I feel that I need a fresh perspective on this. Given the boundary conditions:

  • Use OpenSSL's sign module (i.e. PKey, PKeyRef, Signer, Verifier).
  • Expose no explicit lifetimes to the application.
  • Allow MySigner/MyVerifier to be passed over channels.

Is it possible to achieve this, or do all these roads lead to self-referential structs or other nasty hairballs?

I've seen efforts to solve this problem - I'm not sure this approach is totally sound but it seems they're actively working on it.

You would use Yoke<Signer<'static>, Arc<PKey>> since you want Send

4 Likes

This is the kind of adventure I'm looking for.

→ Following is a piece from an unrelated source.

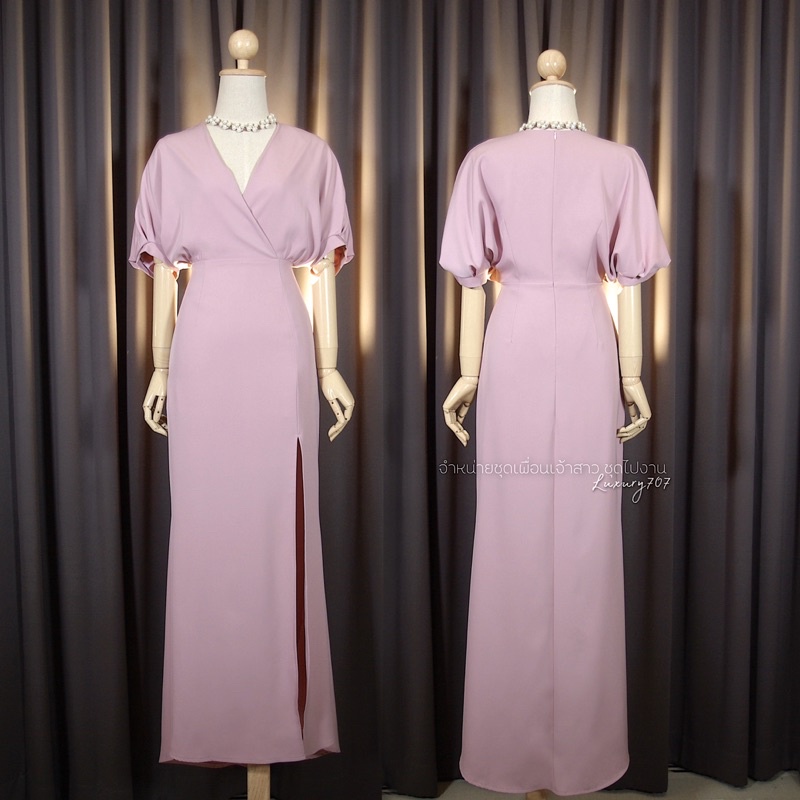 FN4101 เดรสราตรีแขนสามส่วนพรางต้นแขน เรียบหรู ชุดไปงานแต่ง เดรสเพื่อนเจ้าสาว ผ้าครีพเกาหลี มุมมองที่ 4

"This crate has some pretty nasty protruding spikes!" vs "It's the icu4x people -- how bad can it be?". :slight_smile:

I'm gonna try it and see.

I'm helping track the known soundness concerns of yoke. TL;DR:

  • The Rust project wants to ensure that some form of the yoke pattern is possible to implement soundly.
  • There is a known lifetime soundness hole in yoke, which already has three separate proposed fixes with different tradeoffs.
    • The actual hole is obscure enough (the cart payload must contain a contravariant lifetime) that you're probably not hitting it accidentally.
    • The fix I think most likely to be adopted is to restrict safely constructable cart payloads to 'static types; e.g. Arc<[u8]> is allowed but not Arc<&[u8]>.
  • A Box<T> or &mut T cart are formally unsound (mostly) not due to API but due to language limitations.
    • Because the yoke API only exposes shared access to the cart payload, no UB is currently emitted at the LLVM level.
    • The only public API impacted is that the unsafe fn replace_cart is essentially unusable for Box or &mut.
    • The language addition needed to make this properly formally sound is in the RFC process.

If you use yoke with a cart type of Arc<T> (or Rc<T>) where T contains no lifetimes, it's currently believed that the yoke API is 100% sound.

I will also say that yoke is probably the most likely crate of the current landscape of self reference implementing crates to stay actively maintained the longest.

8 Likes

Generally in Rust you can't abstract over a reference existing. Abstracting away lifetime of objects is a Garbage Collector's job.

When generic code can accept either a self-contained owning type or a temporary reference, it will be forced to always handle the worst-case scenario of the most restrictive reference type allowed, regardless whether that's necessary or not for a particular implementation. So in this case you gain nothing in flexibility.

If the converse was true, and the generic code could act unbound by lifetime restrictions, then it'd obviously be unsafe when used with a lifetime-dependent implementation that needs to restrict how it can be used.

You can hide lifetime annotations behind just a plain T type, like Vec<T> allows Vec<i32> and Vec<&i32>, but that won't give you flexibility of using the T as a self-contained type (e.g. send it over a channel to something that may or may not outlive it), and if you make it T: 'static then it won't work with temporary references.

There's also Cow<'a, T> which has a special case of a self-contained Cow<'static, T>, but again you need lifetimes in the API, and the implementations will have to deal with both temporary and non-temporary cases somehow.

So you have to pick one. If you don't allow temporary references, then implementations can still use something like Arc to share data without copying and without lifetime bound.